2 PSYCHOLOGY OF PROGRAMMING, AND COMPUTING IN LARGE COLLABORATIONS.
The first part of this section consists of a review of four works on the subject; additional references can be found by searching for concepts such as "groupware", "collaboratory", "virtual laboratory" and/or "Computer Supported Collaborative Work" (CSCW). These searches tend to produce references to rather technical discussions of tools, methods and applications. Recent examples, with many references to other works, are "Groupware: Technology and Applications" (COLEMAN 95) and "Towards a CSCW Framework for Scientific Cooperation in Europe' (LUBICH 95). A nice collection of selected papers (including the Bush and Engelbart classics) is in GREIF 88. A very large (and up-to-date) collection of references is included in the "Rise and Resurrection of the American Programmer" (YOURDON 97). And now on to the works selected for more detailed review and comments.

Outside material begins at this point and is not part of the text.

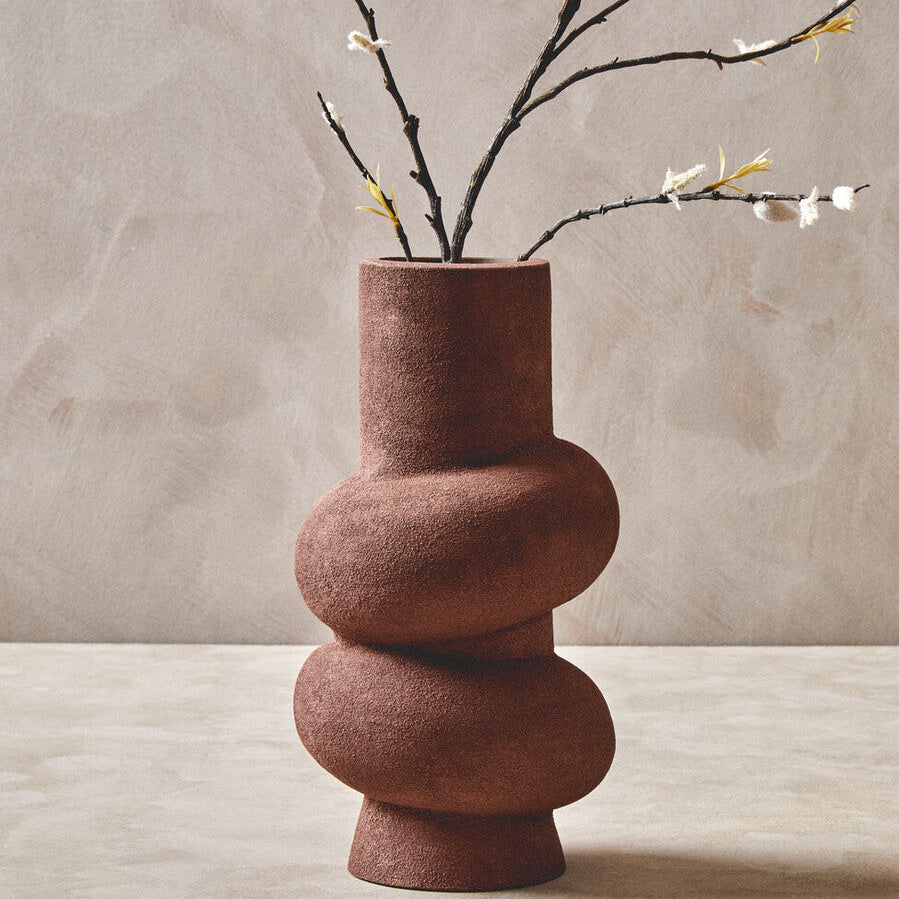 Dunas Large Textured Red Bubble Vase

2.1 Psychology of Computer Programming
This book (WEINBERG 71) became something of a watershed in the field. It is based on experimental studies of the behavior of programmers, based on anecdotal stories, and/or on controlled experiments.
The stories are good: interesting and useful. They range from the description of "interference of the observer with the subject being observed - a kind of uncertainty principle", to a nice anecdote leading to the concept of "rotating devil's advocate". And the experiments are good, too: see e.g. the remarkable experiments on "cognitive dissonance". This leads Weinberg to the suggestion of "ego-less programming" (which is probably not so easy to accomplish and maintain). In any case, the book is also an example of a delightfully self-deprecating, "ego-less psychology" (e.g. when Weinberg points out that "Essentially all psychological tests assume that the psychologists who made the tests are smarter than the people who take them.")
After a good discussion of "essential personality factors" of programmers (which are identified as humility, assertiveness and sense of humor), the book ends with an excellent (if somewhat emotional) epilogue on the social responsibility of programmers/software scientists. This theme is in fact quite relevant to the second Lecture.
Overall conclusion: Weinberg hoped that his book would "trigger the beginning of a new field of study", and indeed, there has been much research, conferences and books on this subject (for examples, in ten year intervals from Weinberg, see SHNEIDERMAN 80 and HOC 90.) However, the Weinberg book, dated as it is, is still a classic, and a pleasure, to read.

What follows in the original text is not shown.